Kamp Zeist/dpa. - Der Gerichtsvorsitzende, Lord Sutherland, hatte zuvor bekräftigt, dass der Schuldspruch wegen Mordes nach schottischem Recht lebenslange Haft erforderlich mache. Die Empfehlung einer Mindesthaft von 20 Jahren richtet sich an den zuständigen Minister der britischen Regierung.

Bei dem Anschlag auf das Linienflugzeug der US-Gesellschaft PanAm am 21. Dezember 1988 waren 270 Menschen ums Leben gekommen. Die Anklage hatte den beiden früheren Mitarbeitern der libyschen Fluggesellschaft Libyan Arab Airlines vorgeworfen, einen Koffer mit einer Bombe an Bord der Maschine geschmuggelt zu haben. Bei der Explosion des Sprengkörpers über Lockerbie starben alle 259 Flugzeuginsassen und elf Einwohner der Stadt.

Nach schottischem Recht kann der Verurteilte Berufung einlegen. Darüber muss ein aus fünf Richtern bestehendes Gericht in Kamp Zeist entscheiden. Gegen den Freispruch kann die Anklage keine Berufung einlegen.
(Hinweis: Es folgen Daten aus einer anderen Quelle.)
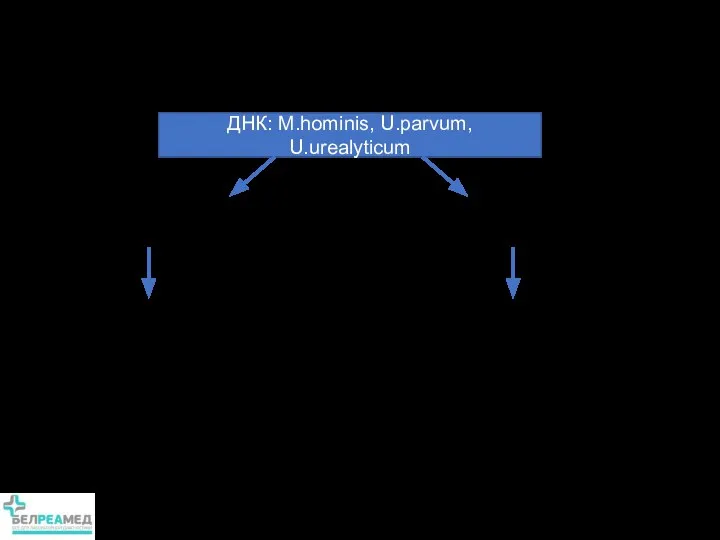 Тактика ведения пациентов на основании результатов теста Флороценоз ДНК: M.hominis,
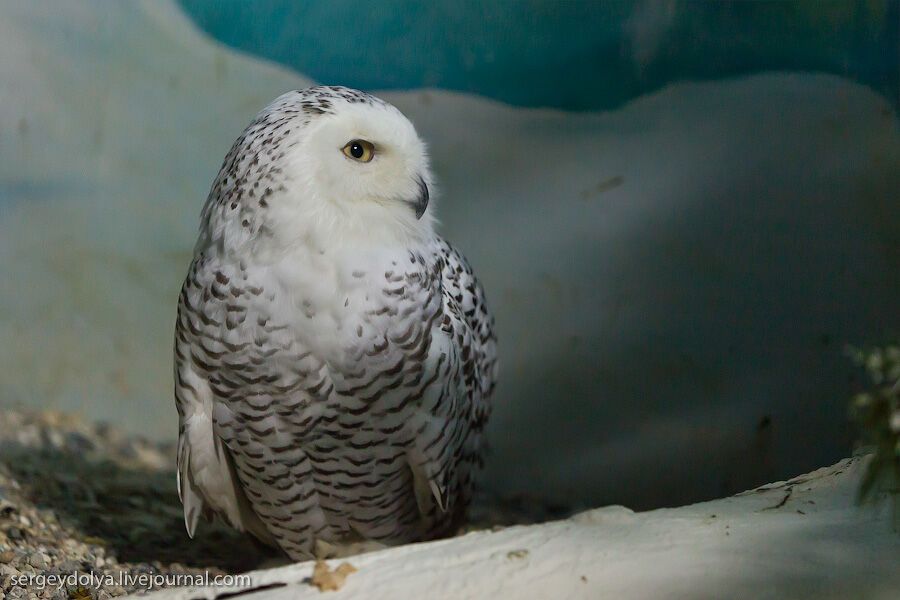 Сингапурский парк птиц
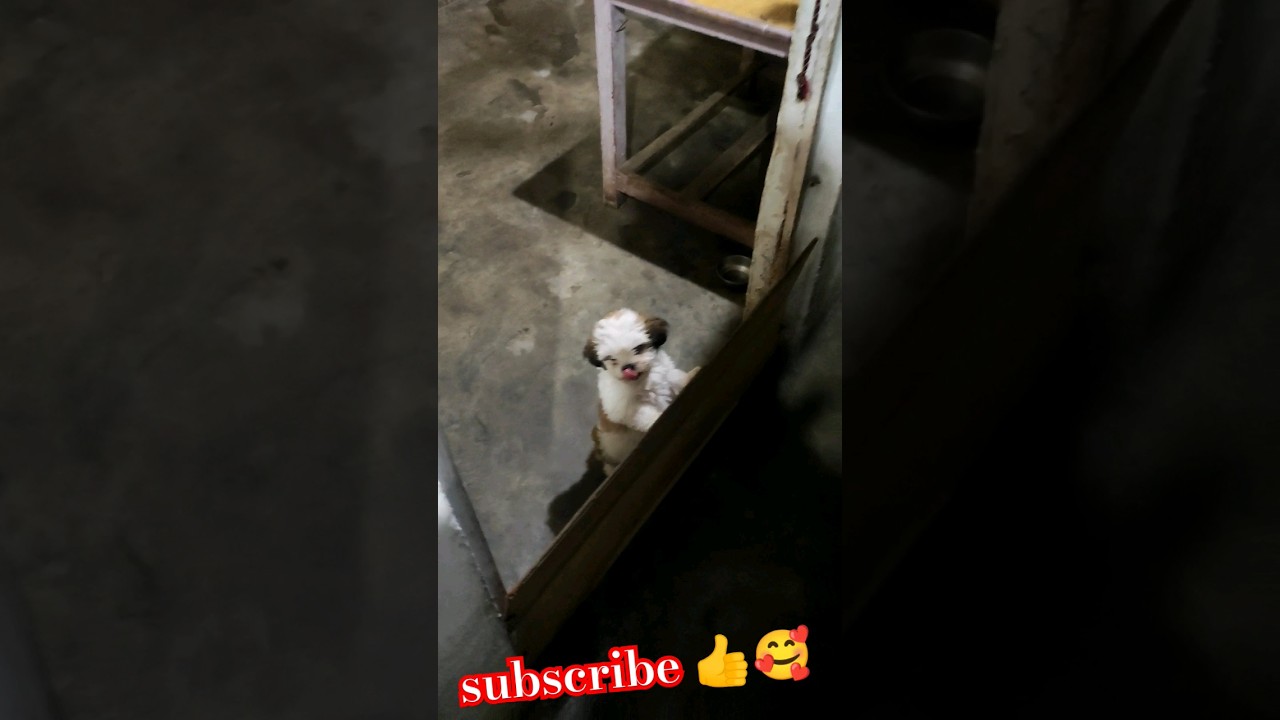 My All Dogs Finis Feeding 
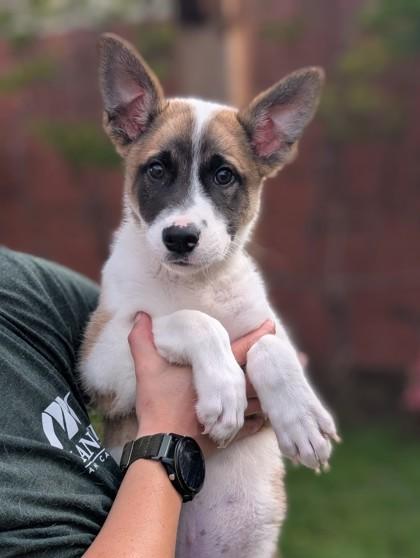 Enlarge Kai, a Adoptable mixed breed in Mansfield, TX image 1/1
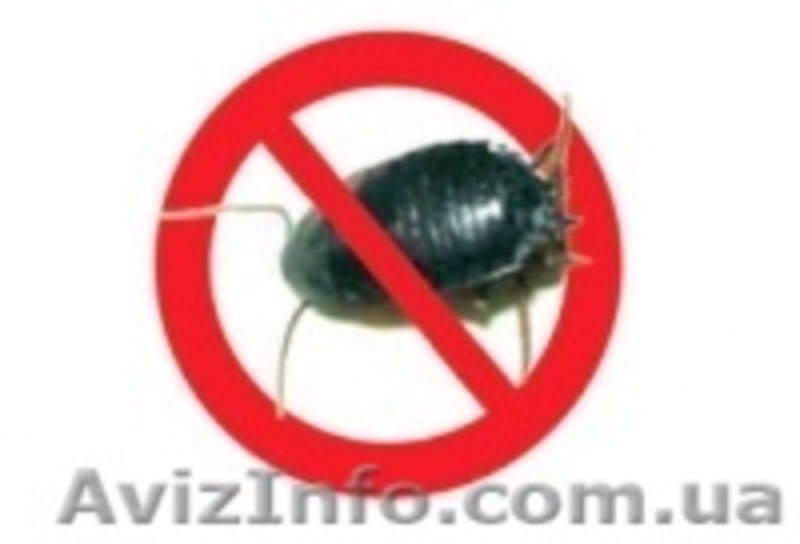 Уничтожение Насекомых, тараканов, Клопов, крыс, мышь, клещей - <ro>Изображение</ro><ru>Изображение</ru> #4, <ru>Объявление</ru> #1275798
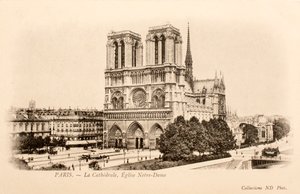 ポストカード/ノートルダム寺院/パリ/セーヌ/イル・ド・フランス/フランス 作： William M. Timlin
Die mit traditionellen weißen Gewändern bekleideten Angeklagten reagierten kaum auf den Spruch. Fuheima hielt kurz die Hände vors Gesicht. Er sprach noch einige Worte mit Mekrahi, ehe er die Anklagebank verließ. Der Verurteilte ließ durch seinen Verteidiger erklären, dass er weiter seine Unschuld erkläre. Deshalb mache er keine mildernden Umstände geltend.

Im Zuschauerraum, wo mehrere Dutzend Angehörige der Attentatsopfer saßen, war erst ein kurzer Aufschrei des Erstaunens zu hören. Dann brachen einige in Tränen aus und umarmten sich. Jim Swire, Sprecher britischer Familienangehöriger, der bei dem Anschlag eine Tochter verloren hatte, erlitt einen Schwächeanfall. Er wurde ins Krankenhaus gebracht, erholte sich aber bald wieder, teilte eine Sprecherin des Gerichts mit.

In Kommentaren der Angehörigen herrschte Genugtuung über den Schuldspruch vor. «Das ändert zwar nichts. Mein Sohn ist tot», sagte Peter Loewenstein aus den USA. Er hoffe aber, dass Mekrahi für immer in Haft bleibe und «das Tageslicht nicht mehr wiedersieht».

Aphrodite Tisaris aus den USA bewertete das Urteil als «eindeutiges Statement» gegen Staatsterrorismus. Ihr sei aber das Herz gebrochen, als Fuheima die Anklagebank verlassen durfte. Betty Thomas, die an Bord des zerstörten Flugzeugs eine schwangere Tochter und einen Enkel verloren hat, sah in den Angeklagten «nur Bauern in einem Schachspiel». Sie könne sich so lange nicht freuen, wie die wirklich Verantwortlichen noch nicht zur Rechenschaft gezogen worden seien.

Das Verfahren in Kamp Zeist war nach jahrelangen internationalen Verhandlungen zu Stande gekommen. Der libysche Revolutionsführer Muammar el Gaddafi hatte seine seit November 1991 mit Haftbefehl gesuchten Landsleute erst ausgeliefert, als man sich auf die Niederlande als Prozessort geeinigt hatte. Am 5. April 1999 kamen beide in den Niederlanden an und waren anschließend im provisorischen Justizkomplex in Kamp Zeist inhaftiert.

Der Prozess dauerte 85 Verhandlungstage. Die Anklage rief 235 Zeugen auf. Ihre Aussagen umfassten mehr als 10 000 Seiten. Der Ankläger räumte in seinem Schlussplädoyer zwar ein, dass sich die Anklage ausschließlich auf Indizien stütze. Die Aussagen ließen jedoch kein anderes Urteil als einen Schuldspruch zu.

Nach Ansicht der Verteidigung war dagegen kein Punkt der Anklage eindeutig bewiesen. Die Rechtsanwälte hatten von Anfang an darauf verwiesen, dass statt der Angeklagten ebensogut palästinensische Terroristen die Tat hätten ausführen können.